## PROBLEM TO SOLVE
From the listing below, reproduce exactly the lines starting with the one with "CHOCOLATE SPRINGBOK Shoulder Mount: Nice" and going on through the one with "Bravecto vs Simparica", both ends kept. No picture is copied.

## GIVEN INFORMATION
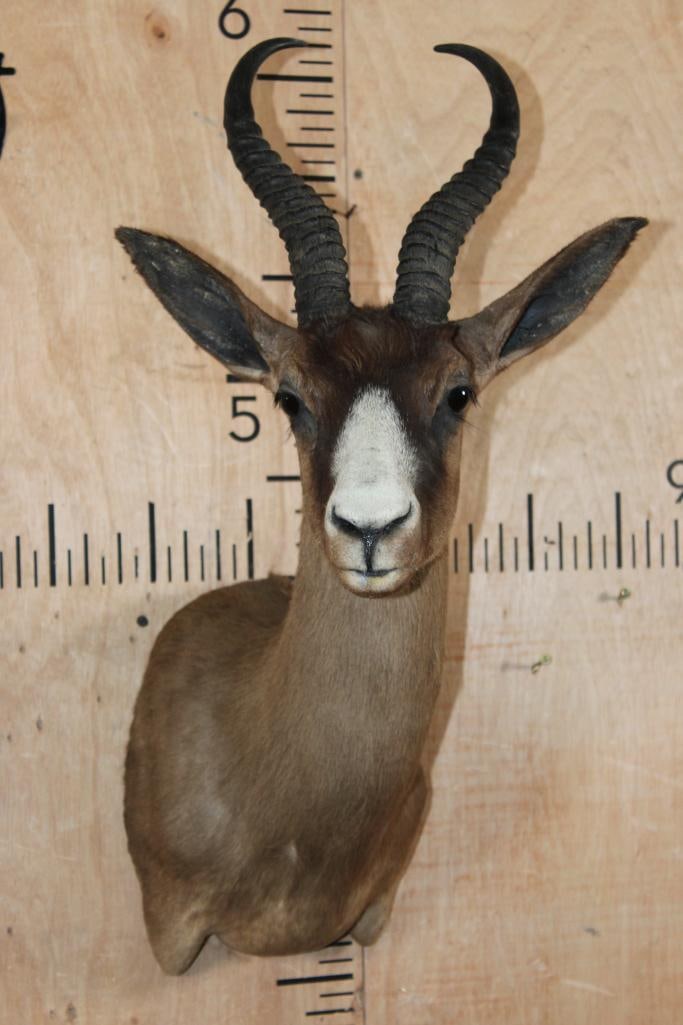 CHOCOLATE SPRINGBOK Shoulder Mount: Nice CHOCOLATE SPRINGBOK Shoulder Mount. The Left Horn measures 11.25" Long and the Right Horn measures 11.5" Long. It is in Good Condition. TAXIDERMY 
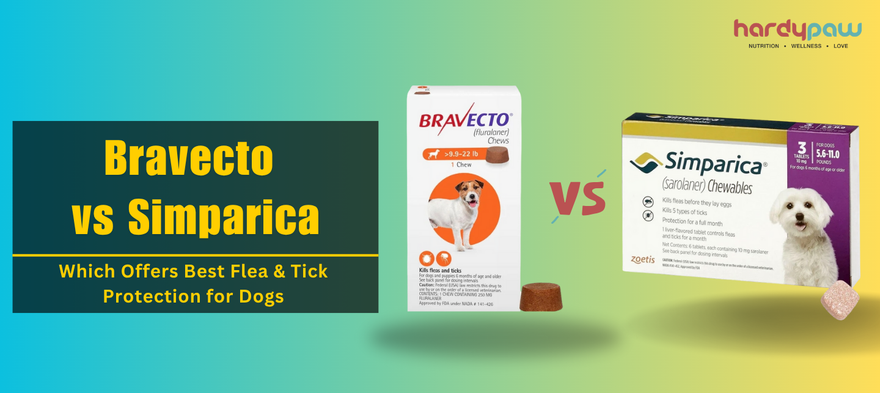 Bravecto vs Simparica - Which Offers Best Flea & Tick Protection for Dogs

...

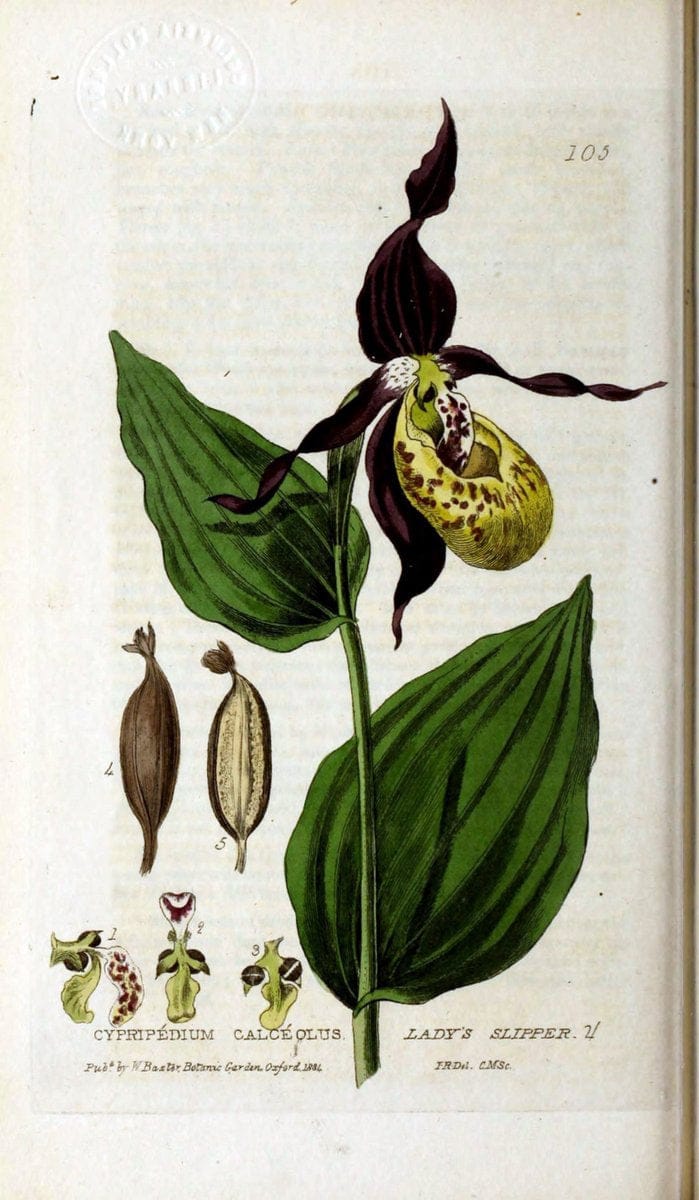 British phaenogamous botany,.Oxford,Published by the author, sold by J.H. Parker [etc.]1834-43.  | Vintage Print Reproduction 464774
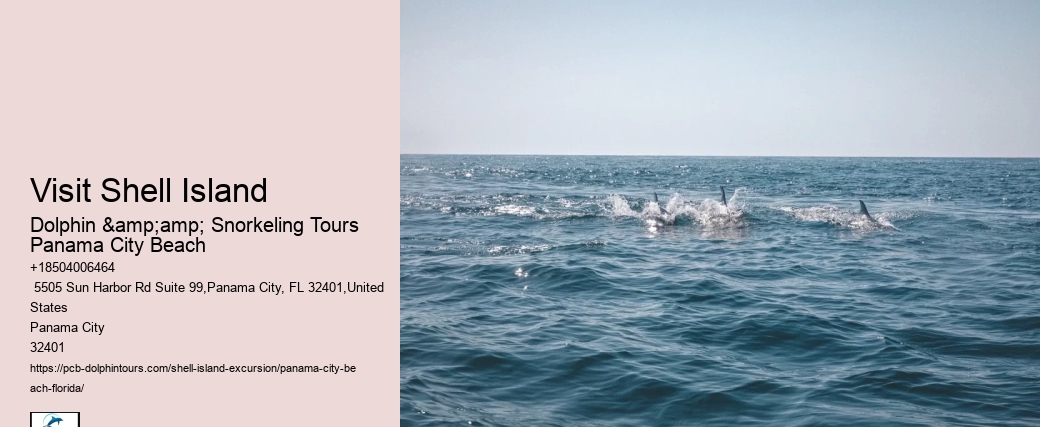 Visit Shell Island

## RESULT OF THIS EXERCISE
 CHOCOLATE SPRINGBOK Shoulder Mount: Nice CHOCOLATE SPRINGBOK Shoulder Mount. The Left Horn measures 11.25" Long and the Right Horn measures 11.5" Long. It is in Good Condition. TAXIDERMY 
 Bravecto vs Simparica - Which Offers Best Flea & Tick Protection for Dogs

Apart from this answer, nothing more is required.